On the other hand, there are understandable reasons, and in some cases serious concerns, to hesitate to use it.
Is there a medium that is so much a message that using it distorts the gospel beyond recognition? Does a medium like television reduce any and all content to a mere image absent of any true content? Should the church engage or resist the media torrent? Does the dark side of being online warrant a Luddite mindset in the church?
These questions should keep us from thoughtlessly embracing technology. As Felicia Wu Song writes in Restless Devices, “We have clearly moved into a new cultural moment where many of us feel a twinge of regret about the impoverishing effects of our digital engagement on our lives.”
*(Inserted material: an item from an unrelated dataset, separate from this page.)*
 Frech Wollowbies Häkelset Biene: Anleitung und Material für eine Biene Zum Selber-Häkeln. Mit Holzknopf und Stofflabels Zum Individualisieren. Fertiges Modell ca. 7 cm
She’s not alone in feeling this way. According to the Washington Post: “Only 10% say Facebook has a positive impact on society, while 56% say it has a negative impact and 33% say its impact is neither positive nor negative. Even among those who use Facebook daily, more than three times as many say the social network has a negative rather than a positive impact.” Yet in the same Washington Post article, full-time mom Mary Veselka says, “We go into it knowing that we can’t really trust them, but I don’t think we can get around not using it.”
The church must not only live with this tension but also embrace it. The digital revolution has already taken place and has changed the way the world communicates and relates. To refuse to thoughtfully and prayerfully engage our digital world despite its dark side would be theologically misguided and missiologically ruinous.
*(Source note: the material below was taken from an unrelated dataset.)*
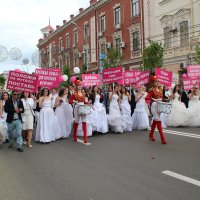 Парад невест :: Леонид Марголис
In The Shallows, Nicholas Carr wondered whether “Google may yet turn out to be a flash in the pan.” No one has that kind of naivete today.
But what of those who would contend that the church must not embrace digital forms of communication because, as Marshall McLuhan argued, the medium is the message, and the mediums we use might run counter to what we hope to achieve? As Song writes, by using some mediums, the church “runs the risk of either naively promoting or remaining dangerously silent about digital habits that are slowly but surely distorting the very understanding and experience of soul formation and genuine Christian discipleship.”
Such sentiments are frequently voiced, but they often come across as just sentiments—attitudes or opinions based on personal preference. As I’ve often told my graduate students, we must be very careful not to build theological fences around personal tastes. And I sense there are many who simply do not like it when a church embraces the digital world. They don’t want to read a book on Kindle, they don’t want to attend a class online, they don’t want to gather in virtual community, they don’t like the feel of an online campus, and from such sentiments, they go into preacher or prosecutor mode.
But even if there is validity to some Christians’ concerns, the reality of our moment is that digital mediums are a primary way our world communicates and relates.
And we must use the digital tools at our disposal even if for no other reason than to call people away from the digital and into the physical so they can experience the full measure of spiritual formation and communal life.